Task objective :: This exercise calls for the whole listing to be given again exactly, without images.

Provided material ::
↓

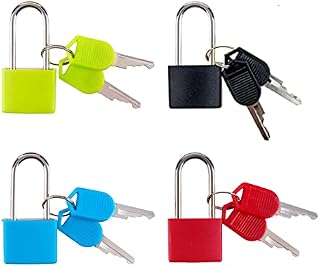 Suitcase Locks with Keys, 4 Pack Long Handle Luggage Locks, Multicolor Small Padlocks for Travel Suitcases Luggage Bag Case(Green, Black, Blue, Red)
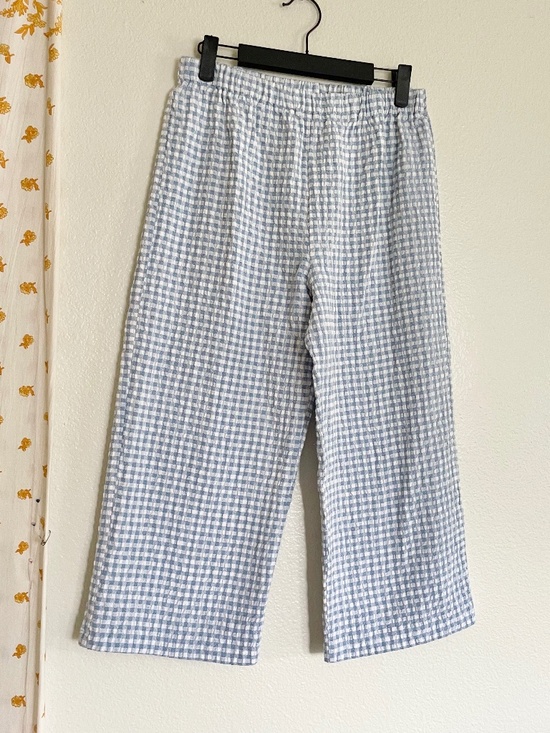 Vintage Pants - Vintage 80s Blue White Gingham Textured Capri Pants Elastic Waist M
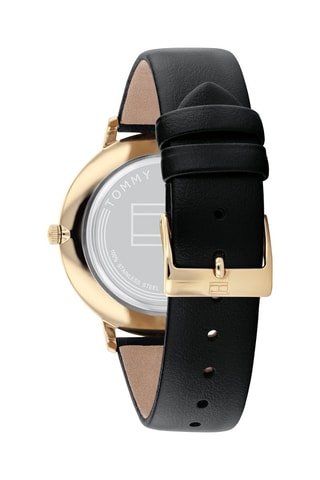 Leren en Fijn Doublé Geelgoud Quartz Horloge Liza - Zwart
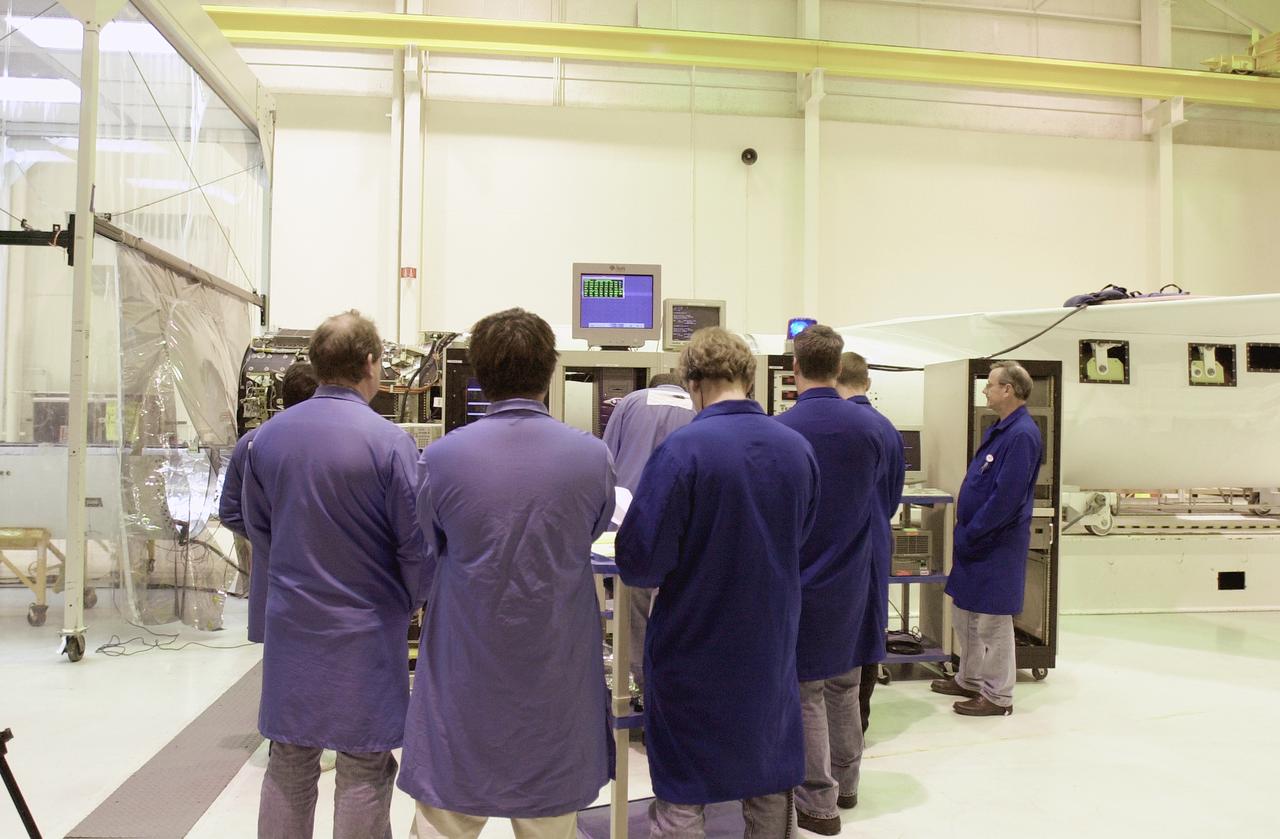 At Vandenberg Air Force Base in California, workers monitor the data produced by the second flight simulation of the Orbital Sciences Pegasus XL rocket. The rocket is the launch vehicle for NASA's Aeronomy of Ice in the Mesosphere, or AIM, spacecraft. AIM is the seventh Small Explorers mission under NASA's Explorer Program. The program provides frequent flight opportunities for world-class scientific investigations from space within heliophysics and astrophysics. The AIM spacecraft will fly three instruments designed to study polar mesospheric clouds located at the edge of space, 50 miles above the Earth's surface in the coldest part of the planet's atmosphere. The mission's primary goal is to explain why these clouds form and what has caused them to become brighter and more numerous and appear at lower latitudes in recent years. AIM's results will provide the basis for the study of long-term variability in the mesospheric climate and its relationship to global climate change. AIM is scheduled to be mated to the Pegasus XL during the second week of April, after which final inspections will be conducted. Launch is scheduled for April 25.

↑

Written response ::
 Suitcase Locks with Keys, 4 Pack Long Handle Luggage Locks, Multicolor Small Padlocks for Travel Suitcases Luggage Bag Case(Green, Black, Blue, Red)
 Vintage Pants - Vintage 80s Blue White Gingham Textured Capri Pants Elastic Waist M
 Leren en Fijn Doublé Geelgoud Quartz Horloge Liza - Zwart
 At Vandenberg Air Force Base in California, workers monitor the data produced by the second flight simulation of the Orbital Sciences Pegasus XL rocket. The rocket is the launch vehicle for NASA's Aeronomy of Ice in the Mesosphere, or AIM, spacecraft. AIM is the seventh Small Explorers mission under NASA's Explorer Program. The program provides frequent flight opportunities for world-class scientific investigations from space within heliophysics and astrophysics. The AIM spacecraft will fly three instruments designed to study polar mesospheric clouds located at the edge of space, 50 miles above the Earth's surface in the coldest part of the planet's atmosphere. The mission's primary goal is to explain why these clouds form and what has caused them to become brighter and more numerous and appear at lower latitudes in recent years. AIM's results will provide the basis for the study of long-term variability in the mesospheric climate and its relationship to global climate change. AIM is scheduled to be mated to the Pegasus XL during the second week of April, after which final inspections will be conducted. Launch is scheduled for April 25.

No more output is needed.